Working
for an international organization means that most of the people I work with are
not in the same time zone as I am – no matter what time zone that happens to
be. Since this is true for all of us, we are used to doing most of our work via
email and other electronic communication. Sometimes, though, there’s no
substitute for having an actual conversation. And since booking a meeting room,
or just crossing paths at the water cooler, isn’t an option, we schedule
conference calls. I average a couple a month, ratcheting up to at least one
every week when we’re coming up to a project deadline or a conference.
I
kind of hated being in Missouri for most work-related things, mainly because I felt
like I woke up every morning running behind all the Australasians and Europeans
who’d already put in most or all of a working day, even though I got up at 6am.
But for conference calls it was excellent; I rarely ever had to schedule one
outside of normal business hours, and if I did, it usually meant 6am, when I
was already up anyway. (Still in pjs and not necessarily coherent, but
upright.)
Now
I’m in Australia and (other than the New Zealanders) pretty much the first one
up, organizationally speaking. This has some significant perks, including
getting virtually no emails on Mondays.
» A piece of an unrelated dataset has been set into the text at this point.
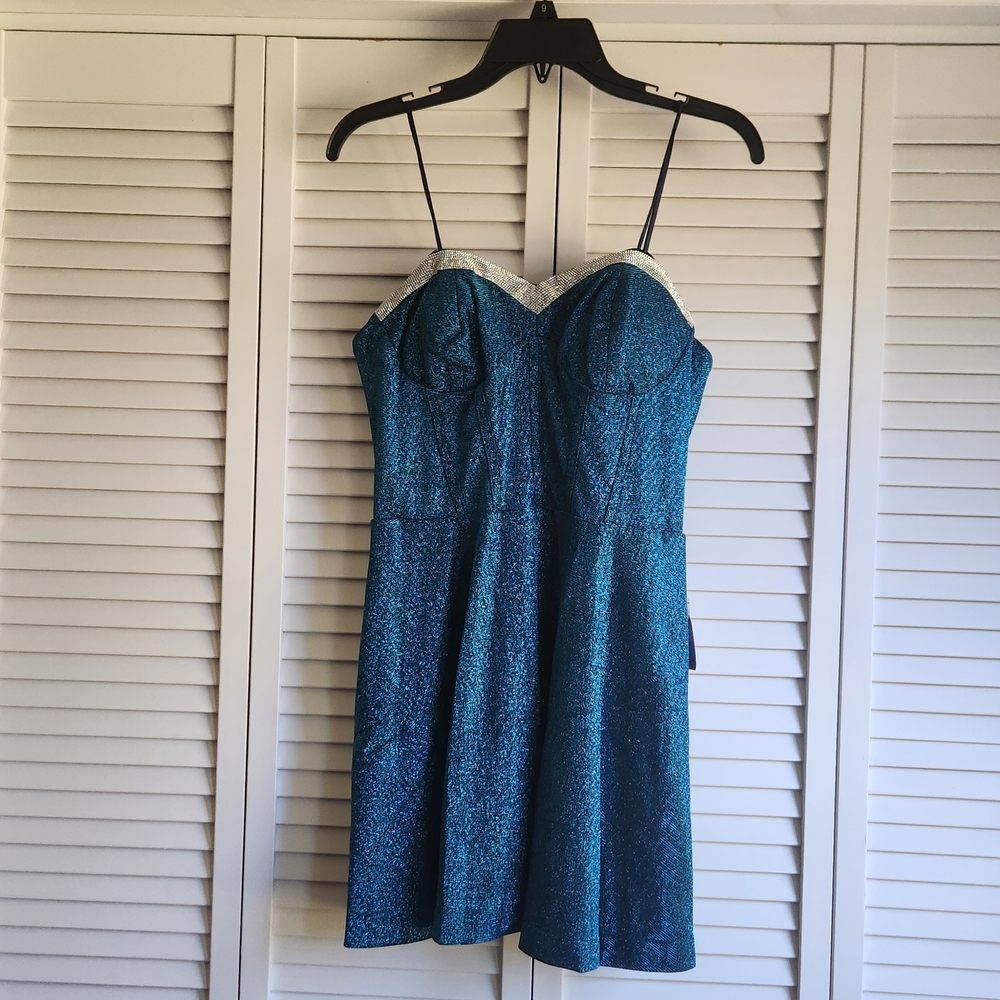 ☀️Morgan & Co. Strapless Teal Dress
However, when it comes to conference
calls, it means that by the time most of the northern hemisphere is online, I’m
thinking about wrapping up work for the day, if not going to bed. And a
conference call at 9pm can really mess up plans for a relaxing evening of
flopping on the couch with your spouse and watching reruns of Lewis so you can geek-spot
Oxford locales. There aren’t many alternatives, though, when you’ve got people
phoning in from three continents and you want to make sure it’s not anyone’s
middle of the night.
The
other day I had a one-on-one conference call with my project manager who’s
based in Germany; since it was just the two of us, he offered to come in a bit
early so that we could complete the call before dinnertime in Canberra. We did
manage that; but only just: I hung up at 6:15, about 15 minutes before we
usually eat dinner, with not a shred of prep done. Luckily, just in case, I had
planned a dinner based around leftovers, fancied up with one of my favorite
standby ingredients: frozen puff pastry.
Savory
puff pies
This
isn’t so much a recipe as an opportunistic scavenge; I had a good-sized piece
each of leftover chicken and steak in the fridge, neither of which was big
enough to feed 3 of us but each of which was more than enough for one, if you get
my drift. So here’s what I did:
- Turned on the oven to preheat at 200C/400F.
- Took 2 sheets of puff pastry out of the freezer to thaw.
- Chopped and sautéed about a dozen good-sized mushrooms in butter, seasoning with salt & pepper as I stirred.
- Chopped up chicken and steak into bite-sized pieces and put in separate medium-sized mixing bowls.
- Divided cooked mushrooms between these bowls.
- Added a healthy dollop of Greek yogurt to each bowl, then stirred to combine everything.
- Lined a large baking tray with parchment, and placed one now-thawed pastry sheet on parchment.
- Piled chicken filling on one-half of one pastry sheet; folded sheet over, then crimped around the sides with a fork.
- Placed other thawed sheet on baking tray, and repeated step 8 with steak filling.
- Pierced pastry parcels with a fork, and brushed with beaten egg for a shiny crust (optional).
- Placed in oven and cooked for 20-30 minutes or until pastry was golden and the kitchen smelled like dinner.
- While puff pies were cooking, prepped and cooked vegetables to serve alongside. (I used green beans, as you can see.